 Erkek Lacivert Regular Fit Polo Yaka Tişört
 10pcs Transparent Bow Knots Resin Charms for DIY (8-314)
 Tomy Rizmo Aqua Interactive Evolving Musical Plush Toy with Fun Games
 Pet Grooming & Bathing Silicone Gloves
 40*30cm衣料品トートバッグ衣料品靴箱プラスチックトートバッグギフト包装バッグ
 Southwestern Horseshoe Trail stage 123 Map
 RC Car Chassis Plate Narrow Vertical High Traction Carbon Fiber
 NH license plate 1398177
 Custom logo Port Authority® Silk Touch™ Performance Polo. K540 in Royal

==============================

INSTRUCTIONS FOR THE TASK:
Copy all the records exactly so that no character differs from the source.

TASK SOLUTION:
 Erkek Lacivert Regular Fit Polo Yaka Tişört
 10pcs Transparent Bow Knots Resin Charms for DIY (8-314)
 Tomy Rizmo Aqua Interactive Evolving Musical Plush Toy with Fun Games
 Pet Grooming & Bathing Silicone Gloves
 40*30cm衣料品トートバッグ衣料品靴箱プラスチックトートバッグギフト包装バッグ
 Southwestern Horseshoe Trail stage 123 Map
 RC Car Chassis Plate Narrow Vertical High Traction Carbon Fiber
 NH license plate 1398177
 Custom logo Port Authority® Silk Touch™ Performance Polo. K540 in Royal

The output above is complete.